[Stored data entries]
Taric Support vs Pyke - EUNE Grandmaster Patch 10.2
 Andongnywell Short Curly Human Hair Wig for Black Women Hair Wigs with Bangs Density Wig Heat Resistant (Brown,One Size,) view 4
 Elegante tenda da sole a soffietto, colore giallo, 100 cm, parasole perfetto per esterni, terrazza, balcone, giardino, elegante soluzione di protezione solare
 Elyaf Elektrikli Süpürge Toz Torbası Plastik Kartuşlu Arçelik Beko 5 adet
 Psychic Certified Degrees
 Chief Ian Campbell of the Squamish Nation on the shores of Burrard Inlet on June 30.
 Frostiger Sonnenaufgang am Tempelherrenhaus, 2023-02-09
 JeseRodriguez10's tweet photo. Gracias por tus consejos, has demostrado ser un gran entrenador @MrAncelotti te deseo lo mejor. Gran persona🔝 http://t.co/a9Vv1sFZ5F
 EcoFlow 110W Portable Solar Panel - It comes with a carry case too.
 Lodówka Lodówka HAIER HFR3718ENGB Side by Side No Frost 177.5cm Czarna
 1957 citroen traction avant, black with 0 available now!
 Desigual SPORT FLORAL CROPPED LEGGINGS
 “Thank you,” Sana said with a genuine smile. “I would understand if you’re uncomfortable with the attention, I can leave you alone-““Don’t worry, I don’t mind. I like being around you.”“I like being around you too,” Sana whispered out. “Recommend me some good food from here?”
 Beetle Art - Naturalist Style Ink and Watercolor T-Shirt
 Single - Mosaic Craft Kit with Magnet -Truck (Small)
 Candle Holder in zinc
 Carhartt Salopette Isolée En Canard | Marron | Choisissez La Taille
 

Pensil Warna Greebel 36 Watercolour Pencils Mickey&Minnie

_ABOUT THIS TASK_
For the word "with", go through the records and show each line that carries it.

_RESPONSE_
 Andongnywell Short Curly Human Hair Wig for Black Women Hair Wigs with Bangs Density Wig Heat Resistant (Brown,One Size,) view 4
 EcoFlow 110W Portable Solar Panel - It comes with a carry case too.
 1957 citroen traction avant, black with 0 available now!
 “Thank you,” Sana said with a genuine smile. “I would understand if you’re uncomfortable with the attention, I can leave you alone-““Don’t worry, I don’t mind. I like being around you.”“I like being around you too,” Sana whispered out. “Recommend me some good food from here?”
 Single - Mosaic Craft Kit with Magnet -Truck (Small)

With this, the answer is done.